Charles Simpson, Seventh Marquess (1664 - 1741)

Great Nephew of Alexander, Charles helped to increase the wealth of the Simpson family. He founded a rope-making business that made a fortune by using substandard (and therefore much cheaper) materials. He was exceedingly lucky to escape punishment in 1703 however when the rope he had supplied for hanging the infamous pirate Captain Kidd snapped twice. Had Kidd survived the third execution attempt he would by law have had to be released. This episode so amused Queen Anne's husband (Prince George) however, that he persuaded the Queen to grant Charles a dukedom - he therefore became the First Duke of Hampshire in 1704.

Frederic Simpson, Second Duke (1700 - 1747)

Son of Charles, Frederic was a remarkable dilettante. On one famous occasion he ate an entire wild boar during a two day non-stop feast; he washed this down with six magnums of madeira and an unspecified (but enormous) quantity of strong ale.

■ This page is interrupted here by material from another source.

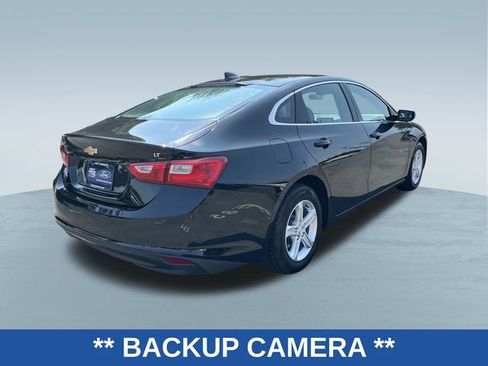 Used 2024 Chevrolet Malibu LT FWD image 3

He followed this extravaganza by sleeping for five days. Frederic exploded spontaneously on August 4th 1747.

George Simpson, Third Duke (1708 - 1803)

On his brother's explosion, George became the third duke in 1747. Five years later he had an apoplectic fit brought on by losing his birthday (9th September) in the eleven days removed that year when Britain finally adopted the Gregorian calendar. Never the same man again, he spent the rest of his long life pretending to be a tree in Windsor Great Park, once famously confusing George III. Despite - or possibly because of - his madness he managed to marry five times and father eleven sons and thirteen daughters, ensuring the perpetuation of the family.

Sir Everard Simpson. (1743 - 1783)

A second cousin of the above, Sir Everard also spent a great deal of time in France. Something of a dandy he became firm friends with the young prince George, (later to be Regent and King George IV).

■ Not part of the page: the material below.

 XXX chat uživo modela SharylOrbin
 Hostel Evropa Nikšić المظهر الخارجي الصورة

On the 21st November 1783 whilst a spectator at the Montgolfier Brother's famous inaugural balloon flight, one of the mooring ropes became entangled with a piece of Everard's elaborate jewellery and he was swept into the air suspended beneath the balloon. Sadly no-one noticed his predicament and as the clasp broke he plummeted to his death, the first ever air fatality.

Arthur Simpson, Fourth Duke (1785 - 1835)

Great Grandson of the previous Duke, Arthur made his name as an amateur naturalist, collecting many unusual creatures in his travels around the globe - and unfortunately contracting many unusual diseases on the way. His voyage of 1820 was perhaps his most dramatic, when shipwrecked on a hitherto unknown uninhabited pacific island he managed with the help of the other survivors to build an enormous boat almost entirely from leaves. The boat sank when just 300 yards out to sea but luckily it formed a dense mat of vegetation that then floated for forty miles at which point a passing Tea Clipper spotted the castaways and rescued them. Arthur was eaten on his final voyage in 1835.